Hadoop is a distributed computing framework. Hadoop Distributed File System (HDFS) and MapReduce are the two key components of Hadoop. HDFS is a solid storage platform that can easily handle petabyte scale data. Major features of HDFS include data integrity, availability, and fault-tolerance. MapReduce is a distributed processing framework that can distribute tasks to the nodes in the cluster, and aggregate the results efficiently. For any application to utilize Hadoop’s distributed processing framework it has to be designed conforming to the MapReduce application architecture.
Hadoop is highly scalable. The ability to scale horizontally without compromising performance is an important trait of Hadoop. Clusters as large as 4500 nodes exist at Yahoo. Hundred node Hadoop clusters are a commonplace (PoweredBy – Hadoop Wiki … [updated 2013]). Fault-tolerance is another noteworthy feature of Hadoop. It can handle disk, node, or network failures elegantly. In case of a node failure, HDFS automatically copies data that fall below the configured replication factor to other nodes to ensure data availability. Failed nodes can be replaced without downtimes or manual restoration operations. HDFS can also be configured to automatically balance data across nodes.
In addition to the Hadoop HDFS data storage, Hadoop’s MapReduce serves as a powerful data processing engine.
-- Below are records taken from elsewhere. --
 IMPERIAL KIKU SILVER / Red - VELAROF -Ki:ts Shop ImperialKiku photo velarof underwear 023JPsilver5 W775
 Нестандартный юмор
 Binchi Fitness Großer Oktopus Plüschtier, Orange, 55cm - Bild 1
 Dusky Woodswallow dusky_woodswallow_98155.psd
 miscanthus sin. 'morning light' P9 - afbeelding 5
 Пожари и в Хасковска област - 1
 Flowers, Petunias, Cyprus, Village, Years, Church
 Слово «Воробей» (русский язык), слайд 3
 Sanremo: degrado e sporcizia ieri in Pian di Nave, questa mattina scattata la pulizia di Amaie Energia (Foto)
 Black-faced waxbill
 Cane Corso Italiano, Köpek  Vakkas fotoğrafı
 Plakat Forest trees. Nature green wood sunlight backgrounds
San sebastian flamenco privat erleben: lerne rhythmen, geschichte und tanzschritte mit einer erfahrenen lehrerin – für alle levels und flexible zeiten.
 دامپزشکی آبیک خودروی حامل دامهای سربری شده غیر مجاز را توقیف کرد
Digital library processes involving computationally intensive tasks such as image format migration, document recognition, or pattern identification could benefit from MapReduce. For example, MapReduce applications can be designed with facial recognition tools to generate complementary metadata for digital image collections.
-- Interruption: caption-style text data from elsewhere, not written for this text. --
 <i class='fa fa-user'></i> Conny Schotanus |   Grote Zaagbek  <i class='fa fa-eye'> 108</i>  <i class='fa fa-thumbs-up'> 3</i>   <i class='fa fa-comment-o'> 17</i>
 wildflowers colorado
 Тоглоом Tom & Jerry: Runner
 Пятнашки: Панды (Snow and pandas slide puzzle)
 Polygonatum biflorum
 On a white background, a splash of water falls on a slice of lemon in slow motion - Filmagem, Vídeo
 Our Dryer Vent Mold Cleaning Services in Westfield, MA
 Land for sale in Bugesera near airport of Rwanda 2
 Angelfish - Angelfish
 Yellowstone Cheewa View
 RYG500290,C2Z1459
Hadoop has an active group of dedicated contributors and it is supported by a host of successful startups. Hadoop’s ability to run on commodity hardware, efficient large-file handling, and ever-growing capabilities are other factors that made Hadoop a top candidate for our investigation.
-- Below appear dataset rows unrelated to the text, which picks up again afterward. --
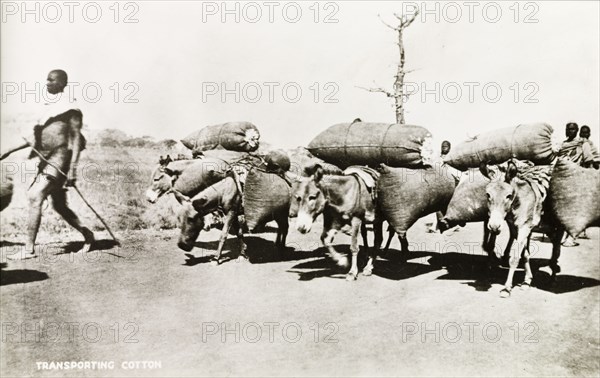 Transporting cotton seeds, Nigeria. Donkeys laden with sacks of cotton seeds are led along a road enroute to a rural trading station. Nigeria, circa 1920. Nigeria, Western Africa, Africa.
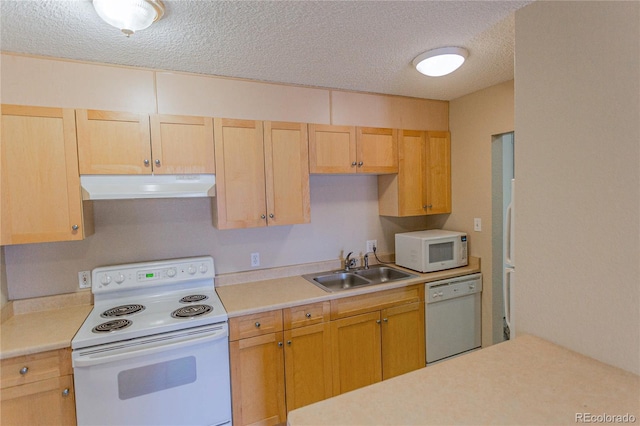 2500 S York St Unit 213, Denver, CO 80210 - kitchen with white appliances, under cabinet range hood, a sink, light countertops, and a textured ceiling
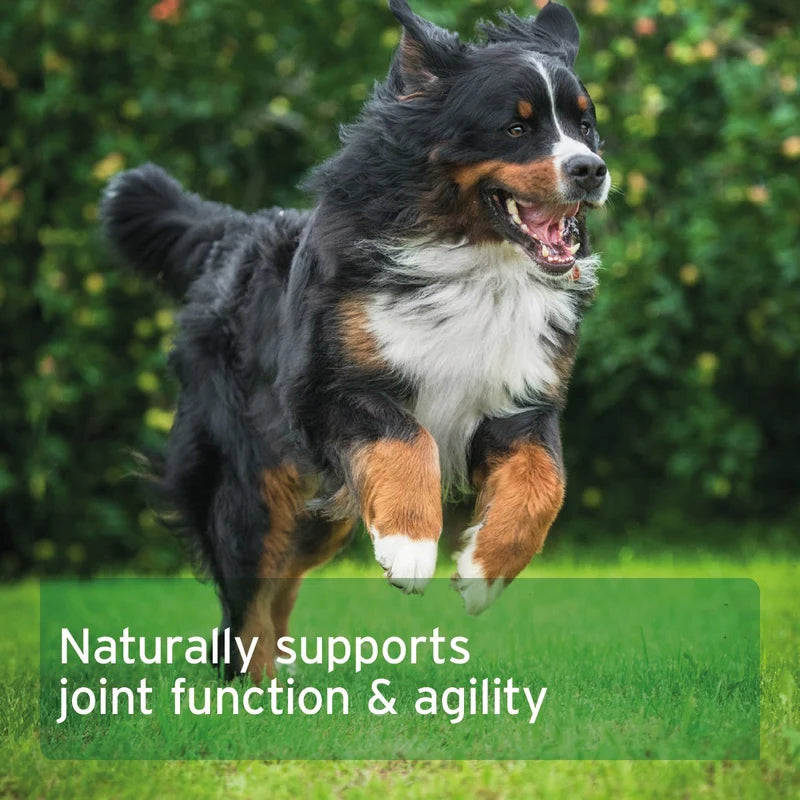 A Bernese mountain dog running and jumping on green grass with a blurred garden background, overlaid with the text 'Naturally supports joint function & agility'.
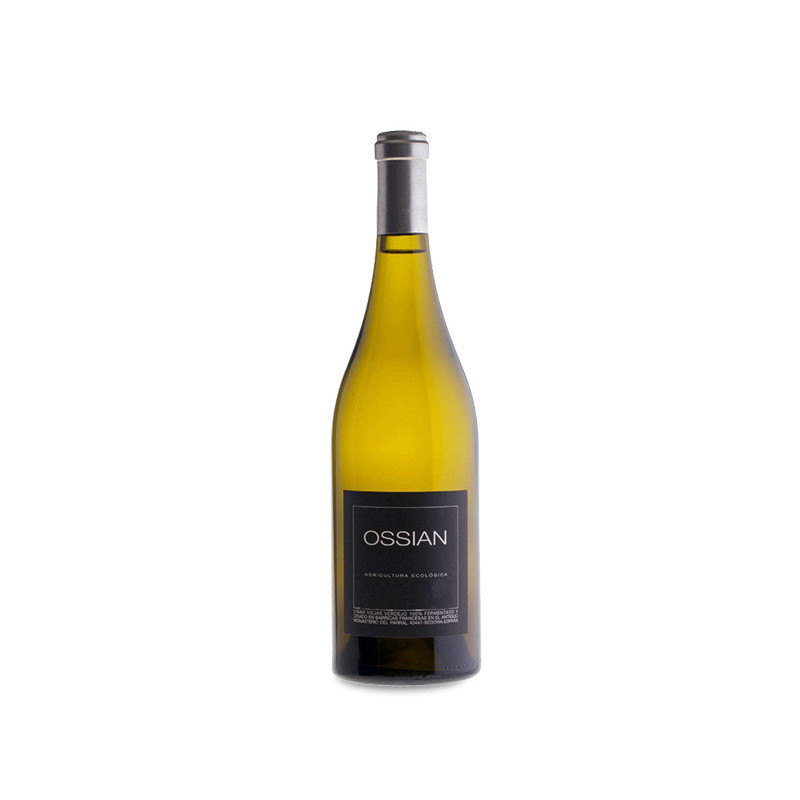 Ossian Magnum 2020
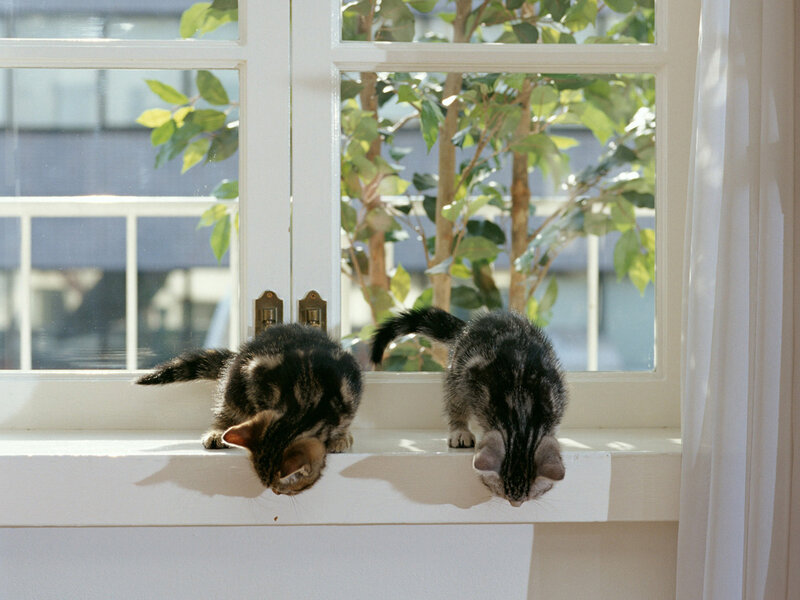 Two Tabby Kittens — White, Calm, Morning, Photograph, Window, Plant, Curtain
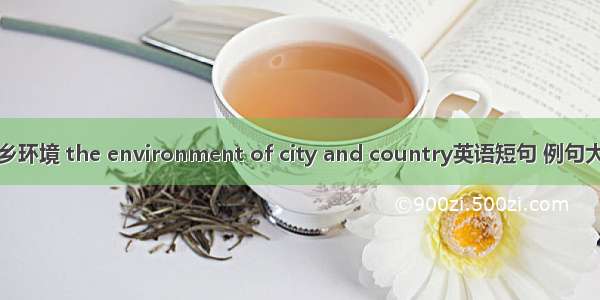 城乡环境 the environment of city and country英语短句 例句大全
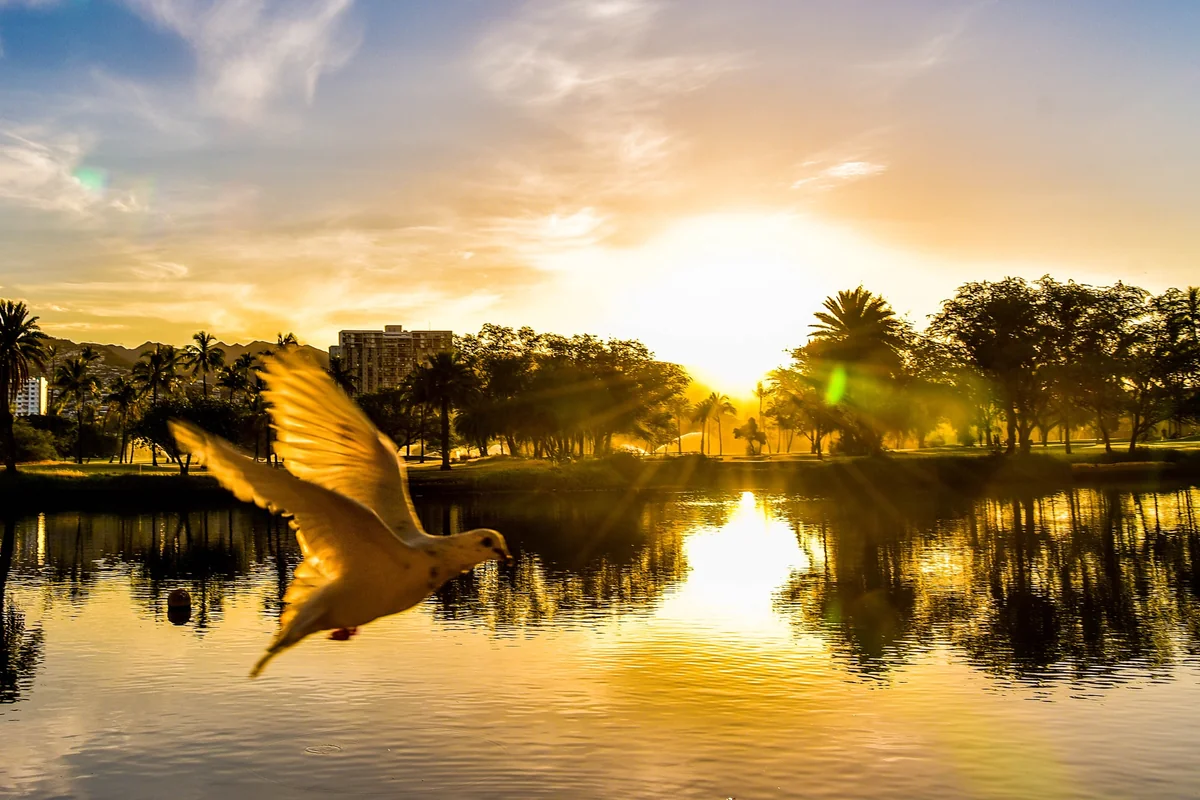 投稿写真：朝旅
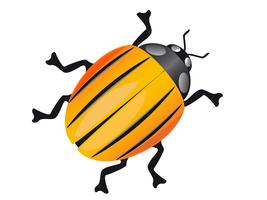 escarabajo colorado vector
Akubra, a pluggable storage module, was developed under a collaborative effort between Fedora Commons and Topaz, an open source content modeling and storage software framework project. It was designed to provide a consistent low-level storage interface across Fedora Commons and other related projects. Akubra was first incorporated into Fedora Commons in version 3.2 and has been the default storage interface since version 3.4. It allows Fedora to connect to any storage platform that has a compatible interface implementation. Popular platforms such as IRODS and Dell DX object storage have Akubra compatible interfaces available . Akubra-HDFS (Asseg et al. 2012), an experimental project by Frank Asseg, provides a basic Akubra interface implementation for HDFS . We used Akubra-HDFS augmented with some customizations for this experiment.
Akubra-HDFS is available as an open source project. Although the Akubra-HDFS interface is functional, it needed a few customizations to successfully integrate Fedora with Hadoop. We enhanced Akubra-HDFS by adding a cache feature, making it more configurable, and enabling support for secure Hadoop clusters. The cache feature can be used to selectively cache files from HDFS to the local filesystem based on the path suffix. We adapted Android Image Cache , a library that caches images to an android device’s local storage for conserving network bandwidth, to serve as a simple Linux file cache . Next, the enhancements allow us to utilize the standard Hadoop configuration files for configuring the Akubra-HDFS’s Hadoop client. All our customizations are available on github . We intend to contribute the enhancements back to the original project.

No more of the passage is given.